Ben fikrinin, topluma yönelik ve toplumun bireylerinin kişiye olan tepki ve davranışlarıyla devamlı değişen bir zemini vardır. Kompleksli olmasının yanı sıra aynı zamanda dünü reddeden, dünü reddetmesine rağmen bugününe güvenen ve yarınların her birinde tekrar tekrar değişen çelişkili bir “ben fikri”nin sebebi, kişideki “ben fikri” merkezinin kaygan bir zeminde olmasındandır. Yani kişi en azından dünyada işlevini standart bir şekilde sözde yerine getirebilmek için sahte bir merkez icat etmek zorundadır. Aksi halde faaliyette bulunması imkânsız olacaktır.

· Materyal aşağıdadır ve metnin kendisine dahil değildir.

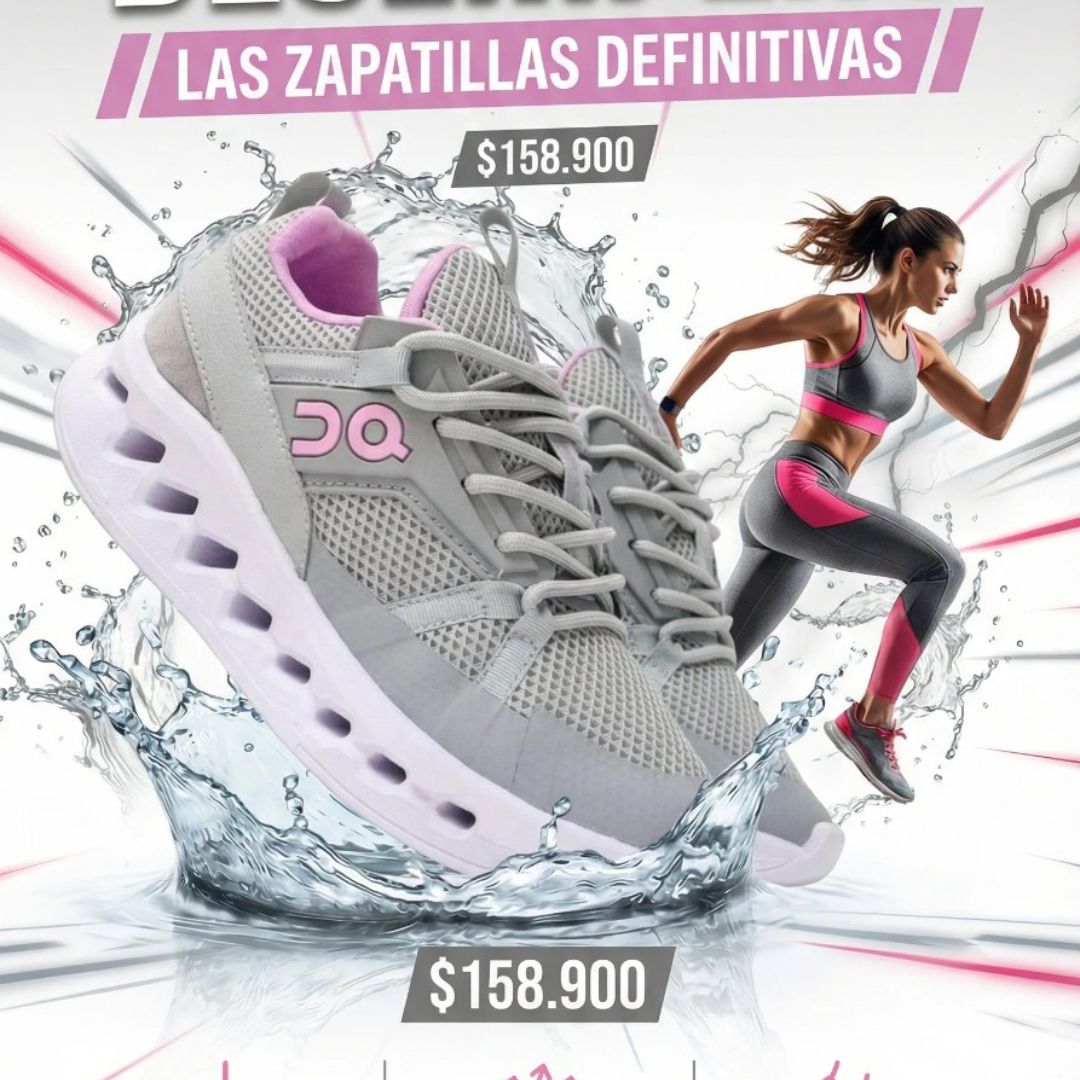 Zapatos On Dama - Comodidad garantizada en cada paso👟🔥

Gerçek ‘ben’i bilmediğimiz için onun yerine sonradan uydurulmuş, başkaları temel alınarak inşa edilmiş bir ben koyarız. Devamlı değişen ve çevreden etkilenen bir ‘ben’. Küçükken biri doğuya gitmesini söylemiştir, bir başkası ise batıya. Büyüdükçe veya çevre değiştikçe, gözler dışarıya baktıkça birilerinin kuzey, birilerinin ise güney demesi ve küçüklük itibariyle dayatılan bu yönlere kabiliyeti dışında kayması durumuyla derken her bir yandan dayatılan yönlerin tam ortasında sıkışmış bulur kendisini. Artık “herkes böyle” psikolojisi bu durumun vahametini fark etmeye kapatmıştır kişiyi. Ve sıkıştığı bu yeri ben fikri için merkez kabul etmiştir. Herkes herkesi farklı bir yere iterken aslında toplum asırlar boyunca sürüler halinde beraber değişmiş, insanlar beraber aynı fikre sahip olmuşlardır. Ben aynı şeyi düşünmüyorum dese de kişi, toplumun sevdiği şeyleri sever olmuştur. Buna ait konular diğer yazılarımızda açıklanmıştır.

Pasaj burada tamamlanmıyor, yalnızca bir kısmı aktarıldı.